I still have the Lucas generator made in England. Assuming it's probably been rebuilt at one time. Too clean to be original dirt. The voltage regulator on the firewall looks new. Battery is almost 4 years old. Napa commercial truck/tractor. I always keep a trickle charger on it.

I took the starter back off to clean the contacts under the bendix magnetic lever like RC Wells suggested. Didn't see any improvement from that. However I put it back on with out the dust cover to test how easily it engages when I push that down. Took a lot of tries to get it to engage . And when it did it stuck in and wouldn't spring back. So I'm thinking the burrs on the ring gear could be the issue.

I'm more of a chainsaw guy but I never heard of a tractor engine stopping in the same spot everytime. What causes that?


----------



## Guest (Mar 12, 2018)

I've never heard the idea that an engine will always stop at the same spot on the flywheel. In fact I knew someone who had a tractor with some bad teeth on the bell housing and only sometimes this would cause a starting problem. Not saying it's true or untrue, just don't know. But, ok you've convinced me the problem is mechanical. Be nice if you could try a different starter. Speaking about the Lucas generator and voltage regulator. The alternator they sell for these tractors charges at 65 amps. (There's a cheaper one that charges at 35 amps) but the lucas generator I believe is rated for 22 amps and does not charge at idle speed I'm told. The "one wire" alternator conversion will put lucas out of your life forever and it's available with the tach drive.

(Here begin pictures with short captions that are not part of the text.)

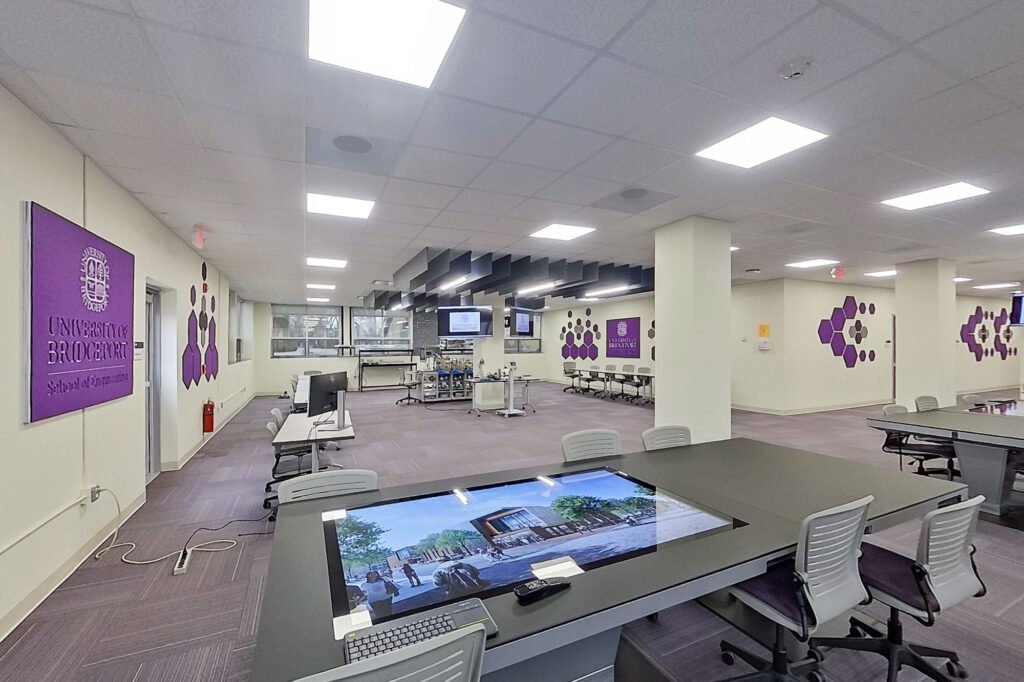 Furniture installation at University of Bridgeport featuring the Coligo Acoustic Panels, Collaborative Table Series, AdapTable Series, Addo Acoustic Panels and OM5 Active Task Chair.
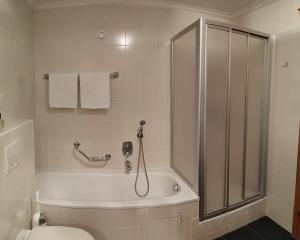 萨尔巴赫里佩尔公寓的带淋浴、卫生间和浴缸的浴室
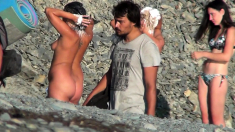 Voyeur video of a couple having intense sex at the beach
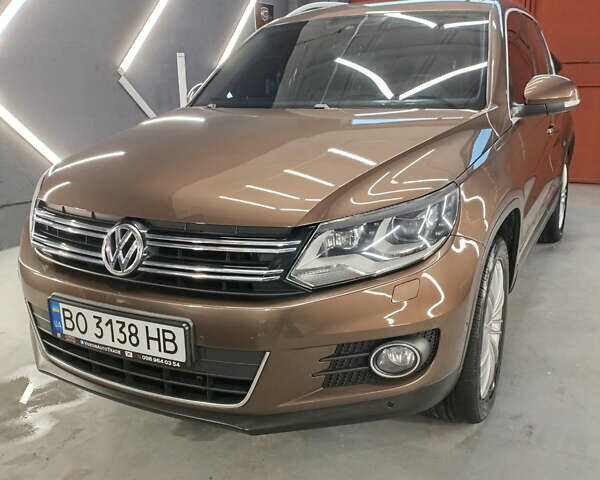 Коричневий Фольксваген Тігуан, об'ємом двигуна 2 л та пробігом 174 тис. км за 17700 $, фото 1 на Automoto.ua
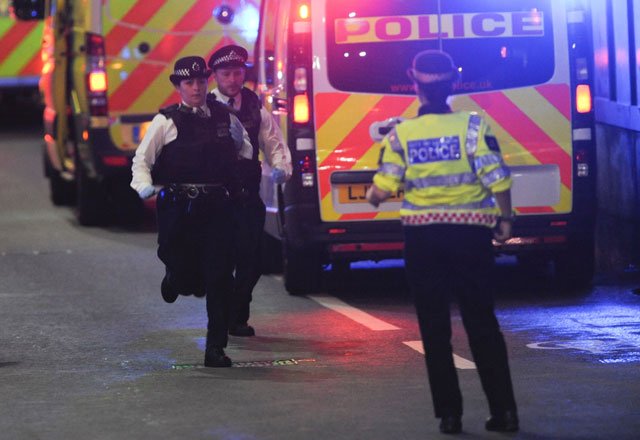 police officers run at the scene of an apparent terror attack on london bridge in central london on june 3 2017 photo afp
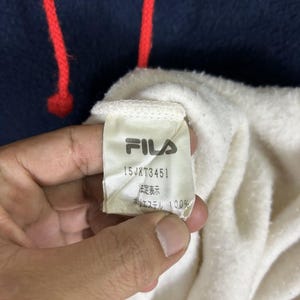 May include: Close-up of a navy blue hoodie with red drawstrings. The interior is white, and a tag with the FILA logo and text is visible. The tag also includes the text "15JXT3451", "法定表示", and "ポリエステル 100%"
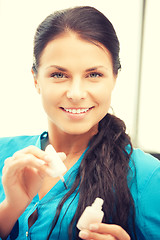 Image showing beautiful woman polishing her nails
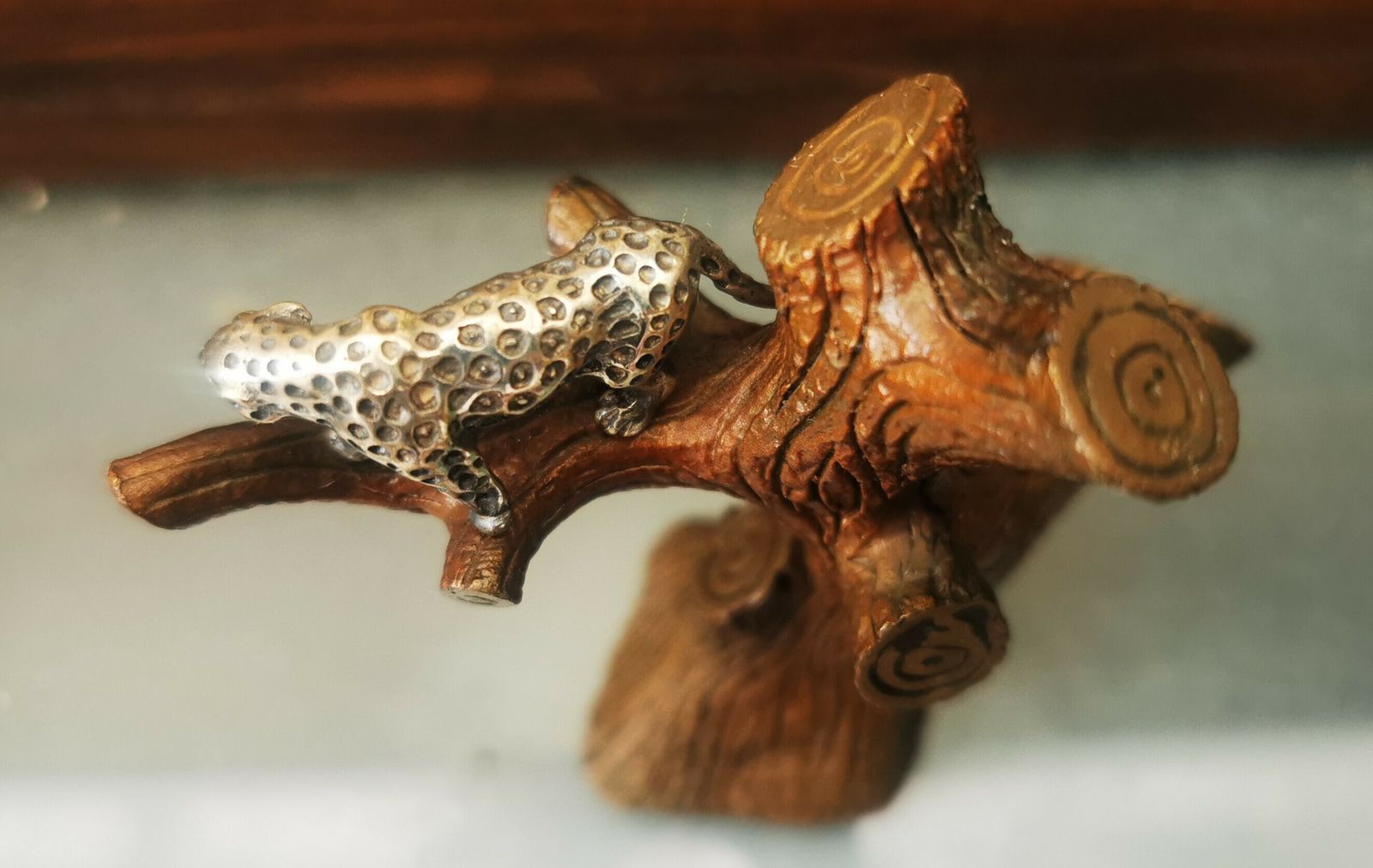 Miniature Metal Figurine Of Silver Leopard In Tree photo furniture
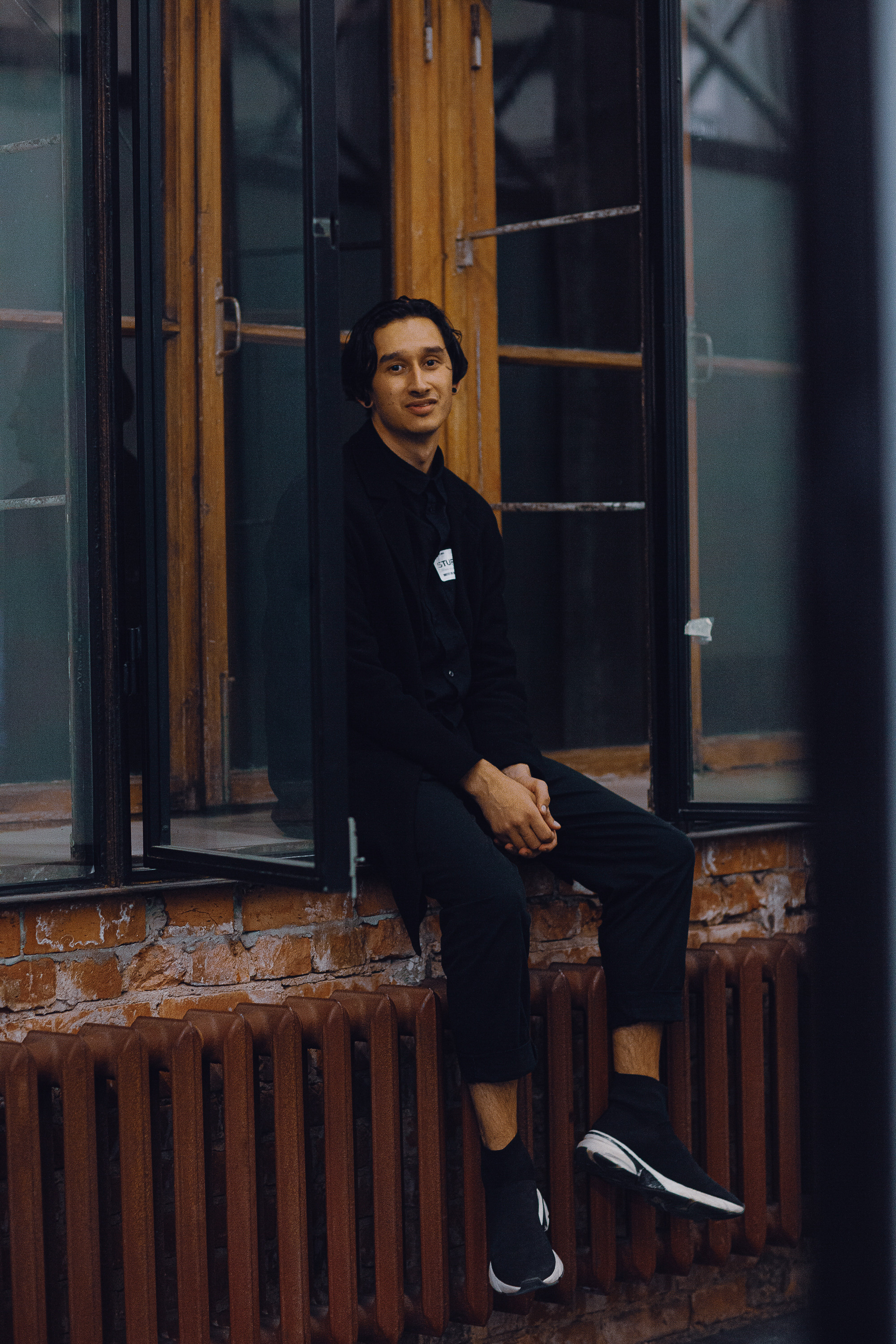 Молодой человек в черной одежде и кроссовках в помещении на фоне окон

So when it comes time to spend money there.....


----------



## Fordtruckguy5 (Mar 5, 2017)

Graysonr said:


> I've never heard the idea that an engine will always stop at the same spot on the flywheel. In fact I knew someone who had a tractor with some bad teeth on the bell housing and only sometimes this would cause a starting problem. Not saying it's true or untrue, just don't know. But, ok you've convinced me the problem is mechanical. Be nice if you could try a different starter. Speaking about the Lucas generator and voltage regulator. The alternator they sell for these tractors charges at 65 amps. (There's a cheaper one that charges at 35 amps) but the lucas generator I believe is rated for 22 amps and does not charge at idle speed I'm told. The "one wire" alternator conversion will put lucas out of your life forever and it's available with the tach drive. So when it comes time to spend money there.....


Appreciate the info on the generator! No sense in fixing what's not broken. But good info to have in the future . Speaking of the tack drive. The previous owner told me he installed a new tach cable and it worked for a day or so then the tack needle broke and it now just spins round and round. Ya think he installed it wrong, or did the tach just go bad?

Next chance I get to work on it, I'm gonna file the burrs of the couple teeth showing, and retest to see if it binds less. Will keep you all updated.


----------



## Guest (Mar 12, 2018)

Let me stress.....I am not a mechanic....having said that, to me it would seem that you could disconnect the cable from the tach and see if it spins with the engine running. Generator has to drive the cable, cable has to be whole, cable has to drive the tach and hour meter. Perhaps one of the more mechanically experienced folks can shed more light?


----------